Col passare dei decenni il suo pensiero si articola sempre di più: negli anni ’80 e ‘90, perdendo fette consistenti di intellettuali che transiteranno poi nel Front o in altre realtà “di destra”, de Benoist, con un percorso che tende a non rinnegare i passi fatti in precedenza ma a integrandoli, identifica nell’America e nella sua Way of life mondialista, e non nell’Urss, il vero nemico, supera l’etichetta secondo lui obsoleta di destra e sinistra (e sembra che l’agire dell’odierna politica liberaldemocratica stia dando ragione a lui e ad altri che la pensano come lui) aprendo un dialogo con personalità eretiche provenienti dal mondo progressista – Alain Caillé, Serge Latouche e gli antiutilitaristi del Mauss, la redazione americana di Telos, rivista della “sinistra critica” di Paul Piccone, gli ecologisti radicali, alcuni intellettuali noglobal e ultimo su tutti, il filosofo marxiano Costanzo Preve – e da intellettuali provenienti da destra (il cattolico antimoderno Thomas Molnar ad esempio… e non dimentichiamo che in quel periodo de Benoist collabora con le Édition Pardés, evoliane, traducendo i testi della Konservative Revolution e facilitando la diffusione delle opere di Evola nell’Esagono, così come oggi egli dialoga con intellettuali e personalità politicamente vicine alla destra identitarista) per animare una “nuova sintesi” trasversale e postmoderna capace di creare un nuovo pensiero per superare l’impasse che l’Europa liberale sta affrontando, capace di riprendere elementi del pensiero “di destra” – l’identitarismo, l’interesse per le tradizioni di tutte le comunità d’Europa – con quelli di “sinistra”, come l’ecologismo integrale, la decrescita, la socialità, il comunitarismo e la critica all’idolatria della modernità assoluta. Insomma, un pensiero che senz’altro attrae e affascina, ma che in certi suoi passi rimane saldamente ancorato alle prime analisi fatte dal Grece nei primi anni ’70, quando l’ambiente stava esplicitamente a destra. Insomma, un’evoluzione nella continuità.

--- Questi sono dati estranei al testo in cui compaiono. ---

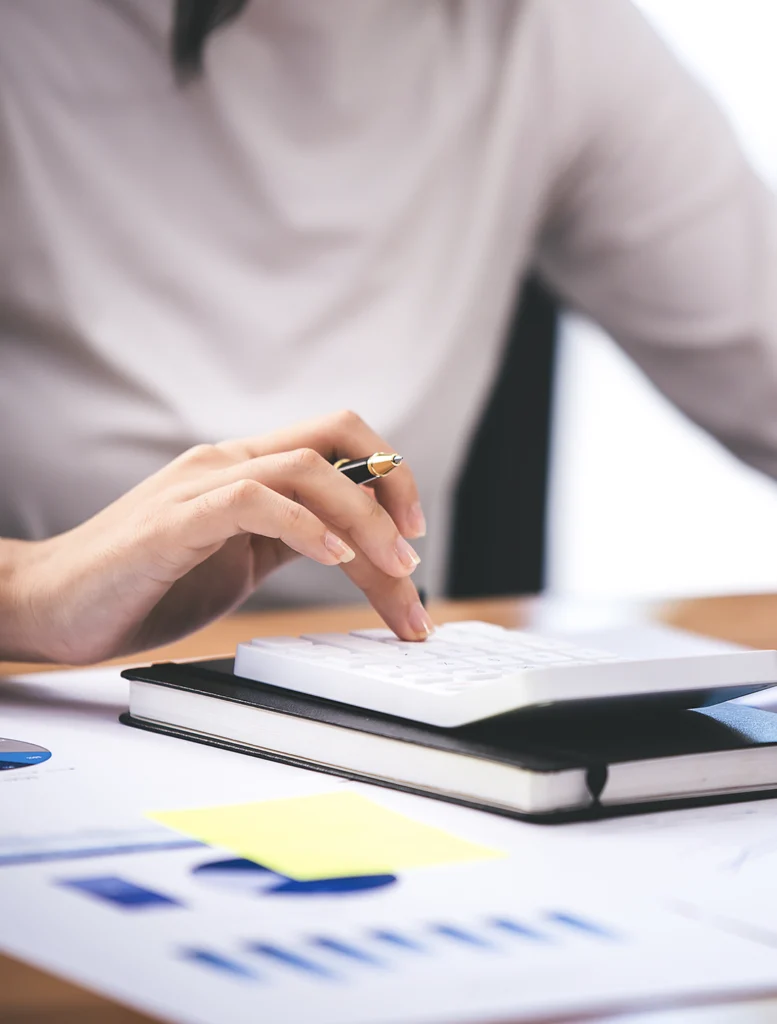 As part of a financial service package, a book keeper is inputting data about the clients finances.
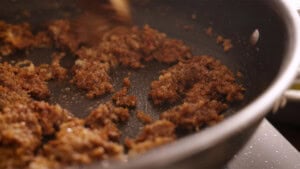 Minced onions, garlic and spices are being browned and cooked in a black frying pan on a hob, with some browning and texture visible.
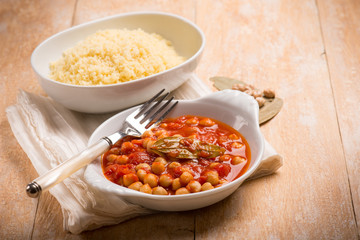 couscous and chickpeas with tomato sauce, selective focus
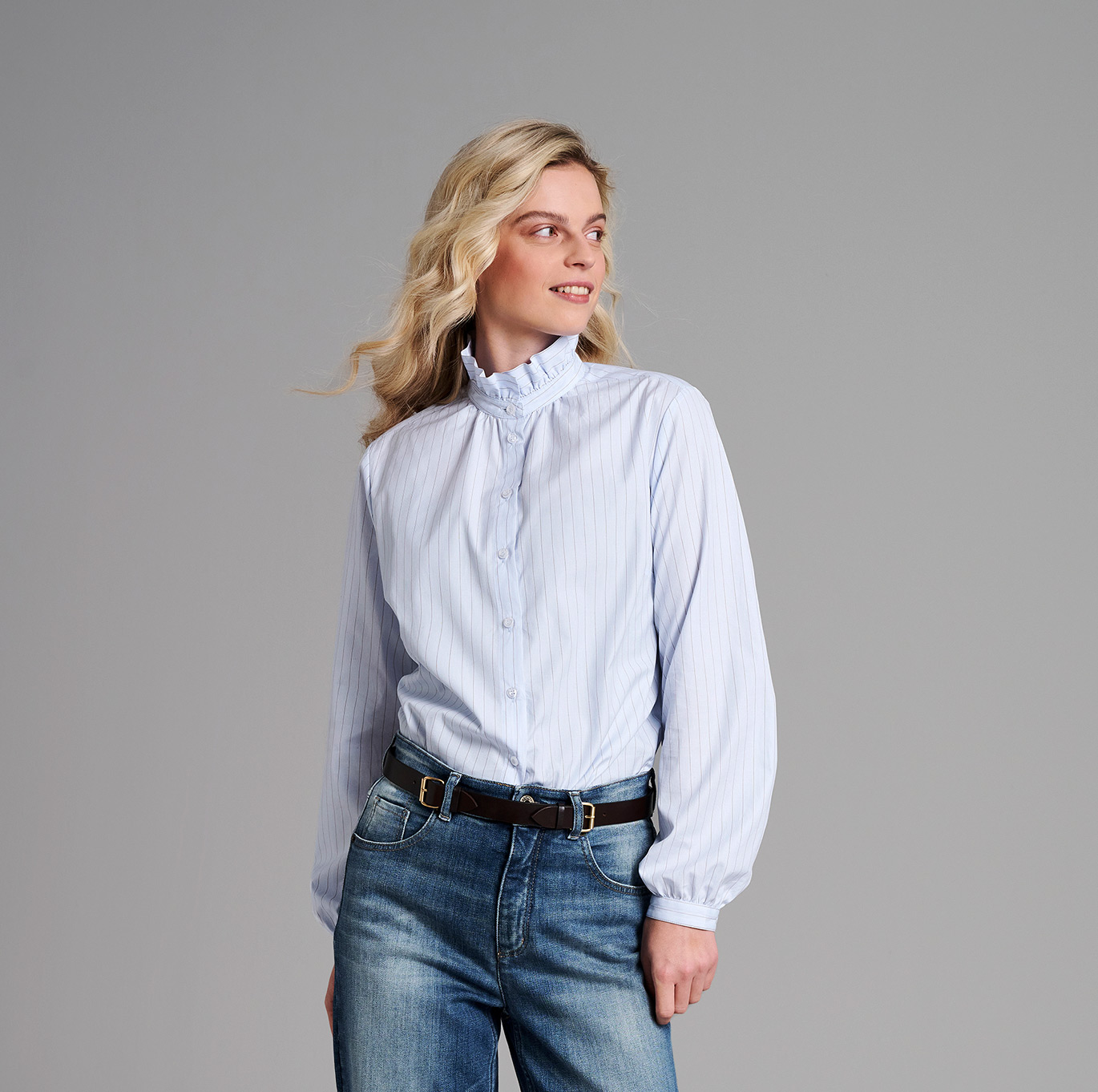 Frau in hellblauer gestreifter TONI-Bluse mit Rüschenkragen – Teaser zur Kategorie Oberteile.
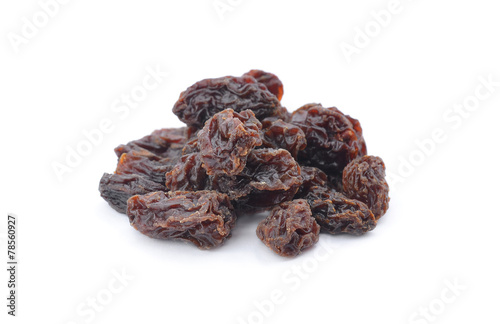 Dried raisins on a white background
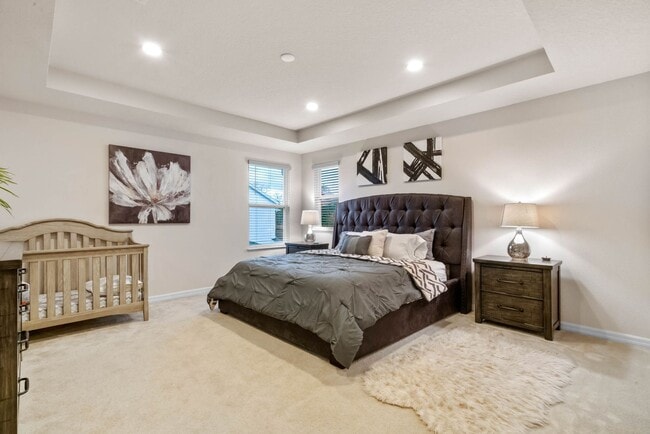 Building Photo - Water Front Home- 4 Large Bedrooms-3 baths Gated Community Call Sheila Campbell 407-687-7900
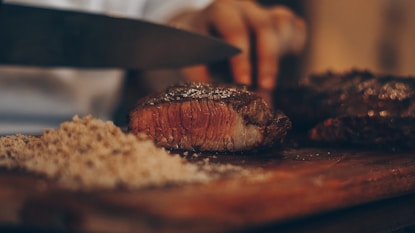 person cutting meat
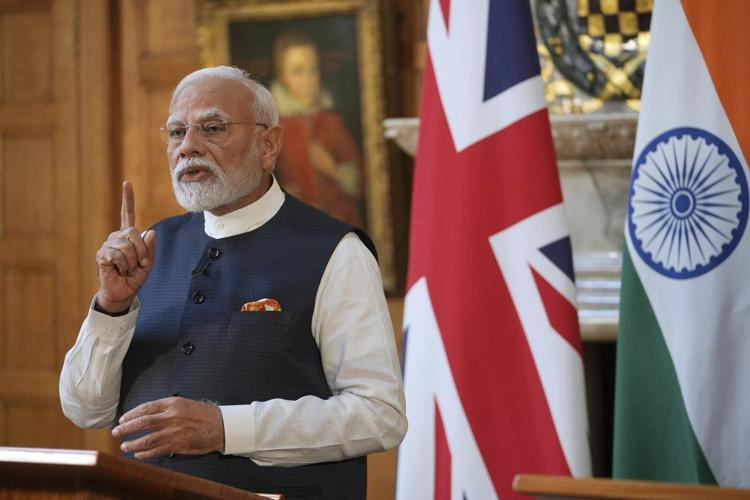 Photos of Britain's Starmer and India's Modi sealing a major trade agreement
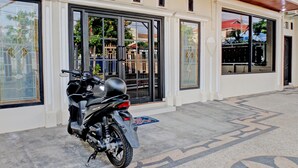 A motorcycle parked in front of a building with large windows and a tiled floor. - Hotel O Guest House Nusa Indah Syariah (Bandar Lampung)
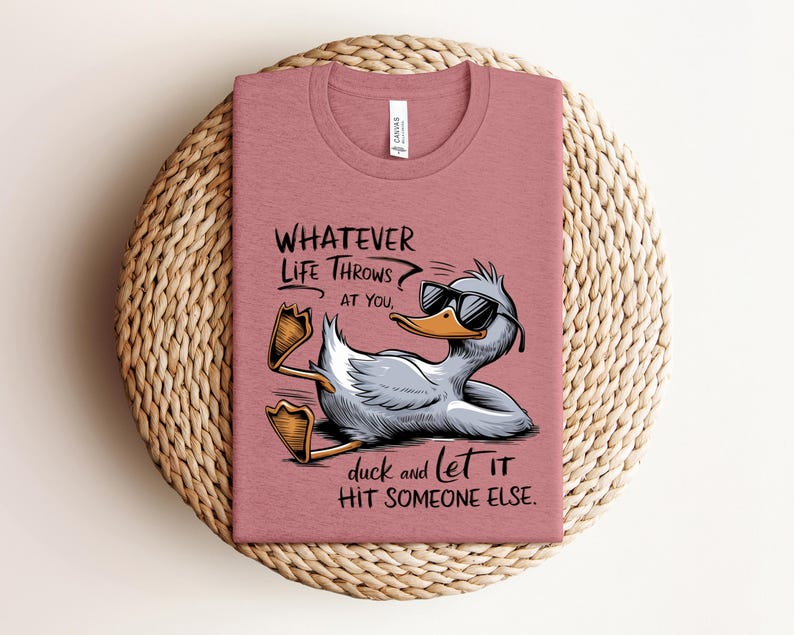 May include: A pink t-shirt with a cartoon duck wearing sunglasses and the text "WHATEVER LIFE THROWS AT YOU, duck and let IT HIT SOMEONE ELSE."
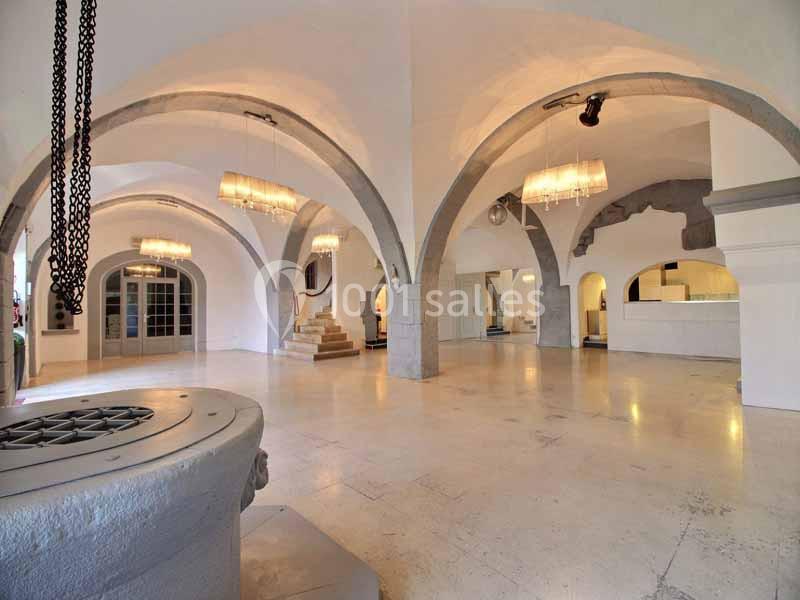 Salle voûtée lumineuse avec des arches en pierre, un puits au premier plan et des lustres suspendus.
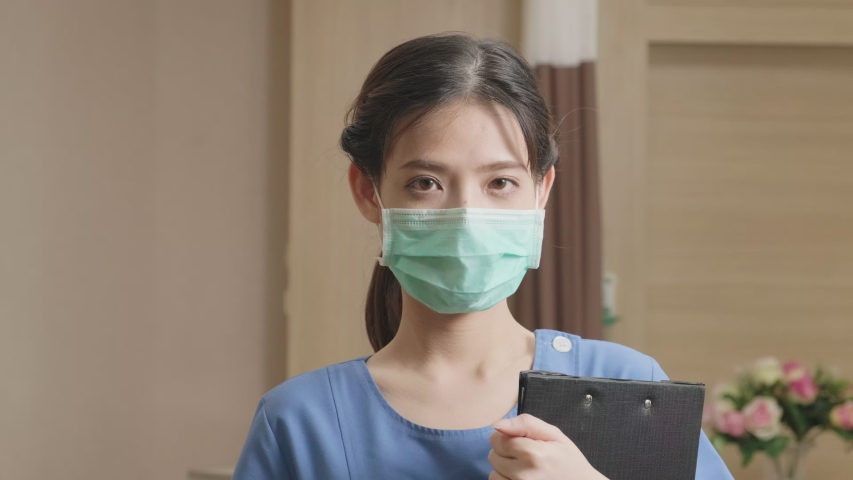 Portrait shot of Female medical nurse in medic uniform taking surgical mask off face, looking at camera and smile in slow motion shot. Beautiful Asian young woman worker is smiling in hospital. Royalty-Free Stock Footage #1054367558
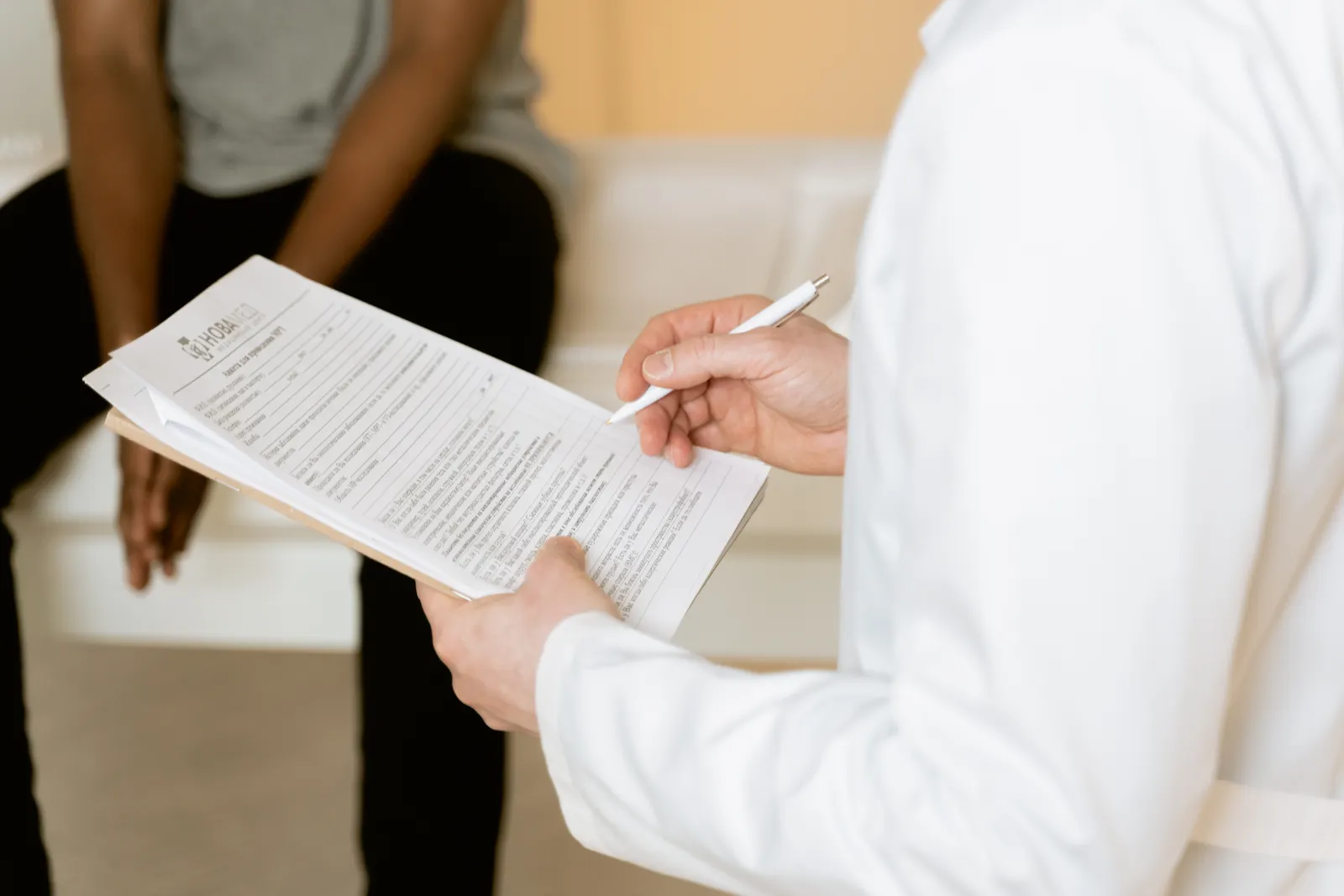 Profesional de la salud revisa un formulario mientras una paciente espera sentada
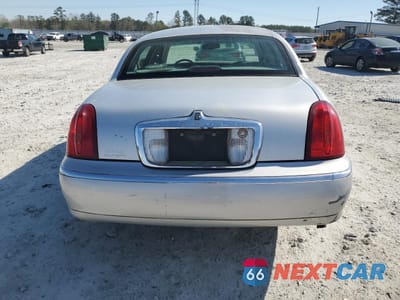 Zdjęcie 6 z 12 samochodu: 2000 LINCOLN TOWN CAR CARTIER VIN:1LNHM83W7YY794283 - miniatura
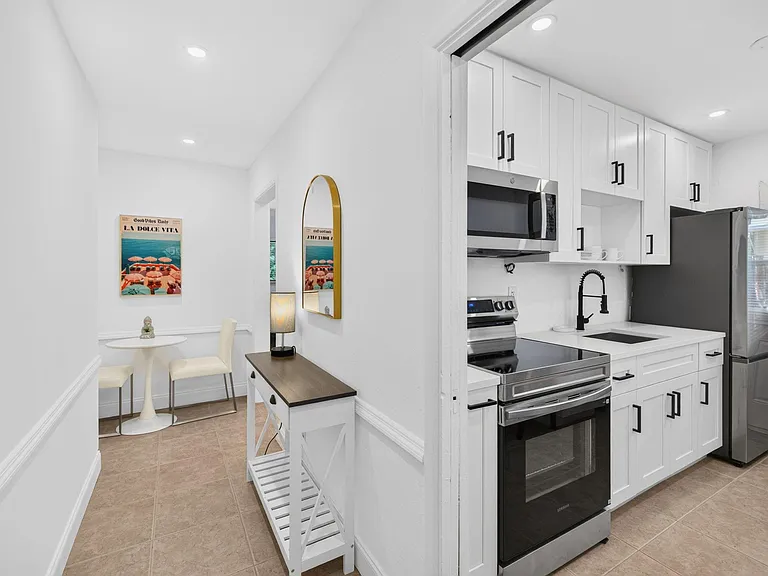 Updated kitchen with ample cabinet storage, stainless appliances, and a nearby bistro nook for everyday meals.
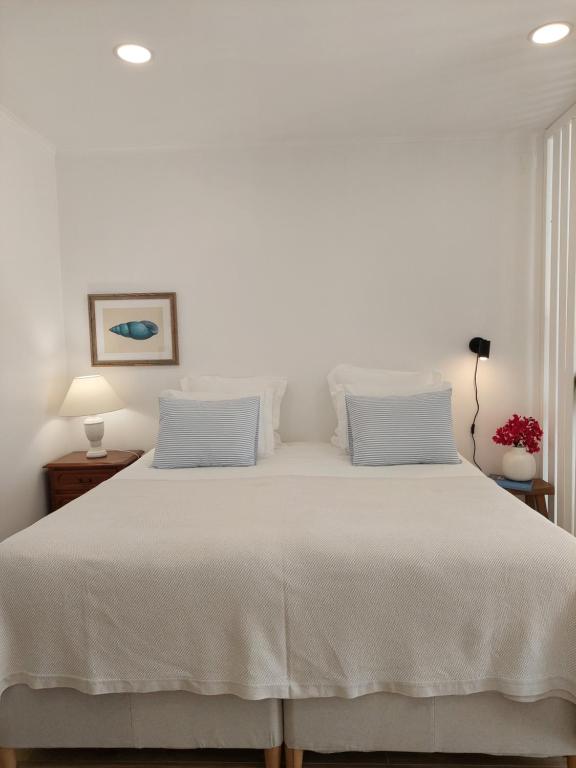 a bedroom with a white bed with two pillows at Estúdio Lagoa Azul in Vila Nova de Milfontes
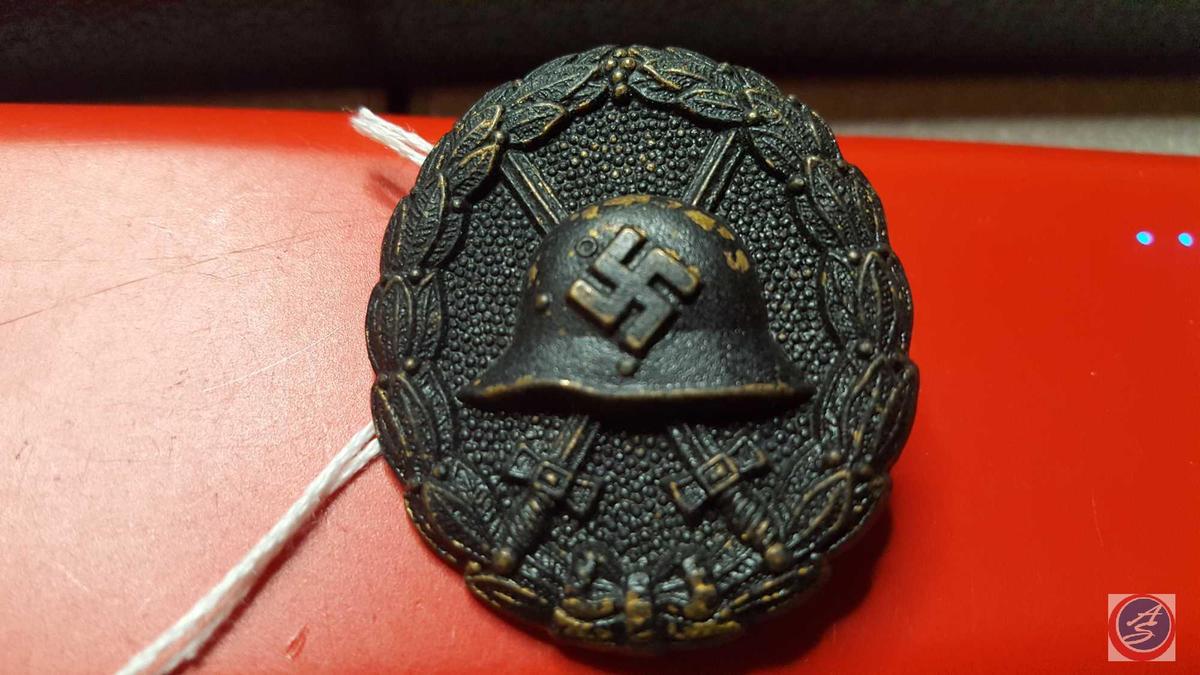 German WWII Black Condor Legion Wound Badge. The front shows a German helmet with a pair of crossed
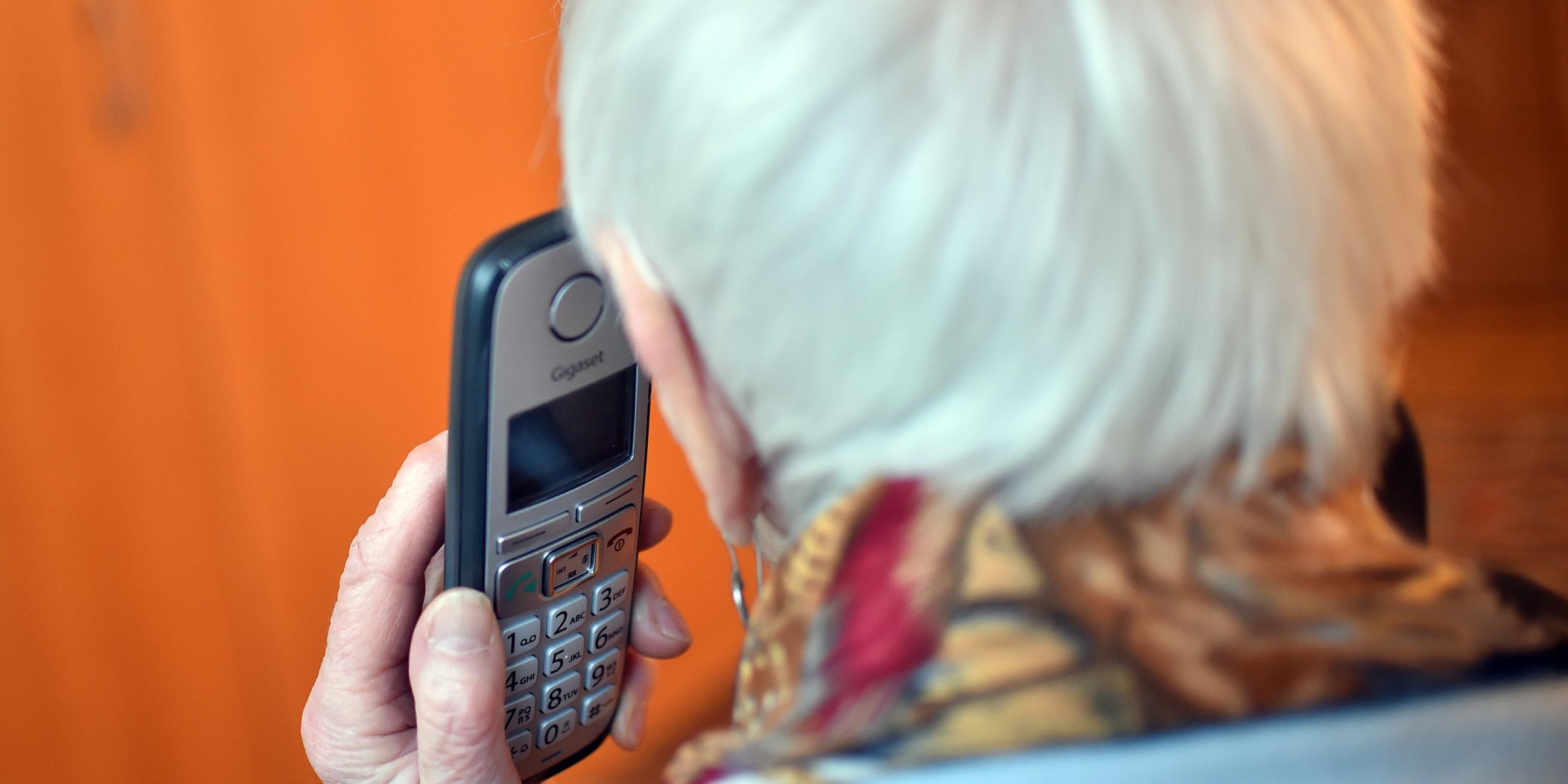 eine seniorin haelt einen telefonhoerer an ihr ohr (gestellte szene). im rahmen des projekts "silbernetz" wird einen hotline fuer einsame senioren angeboten.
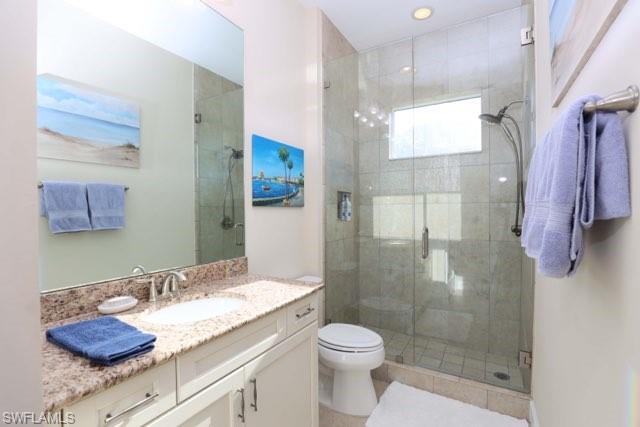 5717 Anegada Drive Naples, FL 34113 - Photo 13 of 37 a bathroom with a granite countertop sink toilet and shower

Dopo tanto clamore sulle temute sigle “anti-euro”, alla fine l’unico gruppo che è riuscito a costituirsi – con fatica e grazie all’apporto del M5S – è stato quello dell’EFDD proposto da Farage con il suo UKIP. Marine Le Pen non ce l’ha fatta, nonostante l’alleanza con Matteo Salvini. Le forze sembrano essere assai frammentate: non solo non riescono a creare un unico gruppo, ma neppure a crearne un secondo. Possiamo dire much ado about nothing?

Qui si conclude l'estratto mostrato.